Thanksgiving has now passed. And what a week it was. I always love Thanksgiving week in my family, partly because it's one of the few constant things in my life that I can count on. There


will always be a discussion about whether or not we actually stole the chairs in my parents garage from the church which we are now hauling to wherever it is we're having Thanksgiving this year. There will always be the "Thanksgiving beans" sitting on each plate before dinner starts so everyone can go around the table and name something they're thankful for. Mom will always cry and say she's thankful for dad when it gets to her turn, which is always very sweet. There will always be screaming children terrorizing everyone else the entire day (in the eighties these were my cousins. Now they are nieces and nephews). And there will always be an incredibly long prayer to bless the food, which is always disrupted by an incredibly awkward moment; two years ago it was Uncle Rick praying that a couple members in the family would just find spouses already, and as if that wasn't awkward enough, he got one of the people mixed up and prayed for my already married sister. This year it was my two year old niece, like a broken record, saying over and over again "I need go potty. I need go potty. I need go potty," confirming once again that I am simply too immature to maintain composure when bodily humor is placed in front of me, even in the most serious situations.

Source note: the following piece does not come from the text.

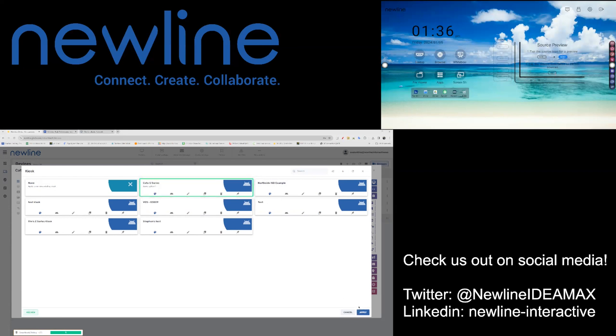You will see in the upper right-hand corner of the screen, our Q-Series panel adjust to the kiosk mode that we have chosen once we apply our kiosk settings.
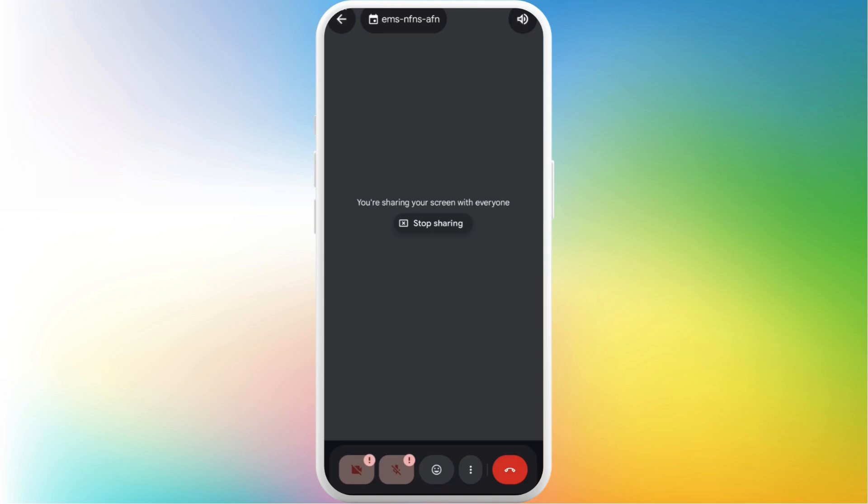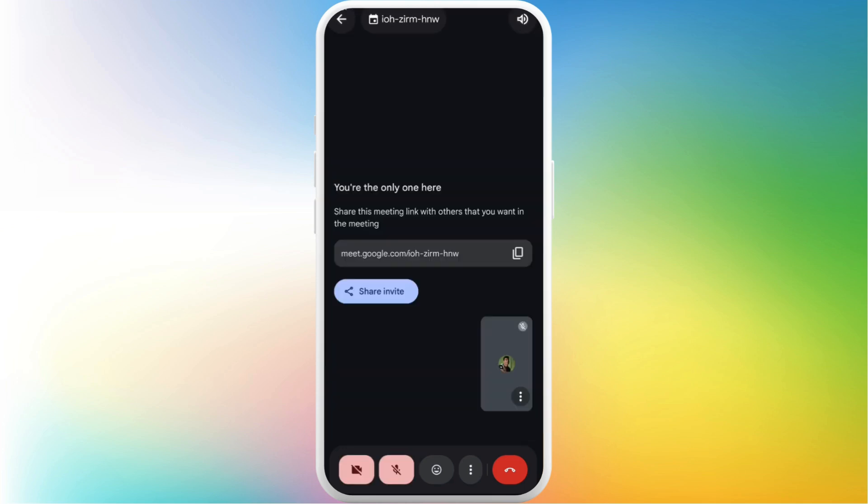In the meeting room, you'll see the interface like this. It will show you the information that you are sharing your screen with everyone. And right below that, you can see the stop sharing option. So in order to stop the screen sharing, you just need to tap on this stop sharing option. And that's it. That's how you can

A couple of days after Thanksgiving, Krishelle and I decided to help our parents put up some Christmas decorations which made my mother overly excited. After fanning out the branches of the various wreaths and trees strategically placed around the house, I felt something come over my head and then realized that it was a Santa hat, disturbingly decorated with reindeer antlers. I walked into the next room and found that Krishelle had been assaulted with antlers of her own. Mom was running around the house singing every Christmas tune she's ever heard of (including a few that I'm positive she made up) while dad fiddled with the lights stating no less than fifty times that he hated those "stupid things."

As always, the decorations miraculously turned, from what always looks like a severe case of hoarding while still in the storage room, into an immaculate display of festive cheer. It's a talent that mom has always had.

I'm looking forward to Christmas now, so much so that I secretly longed for snow the other day for about twelve seconds. But don't tell anyone.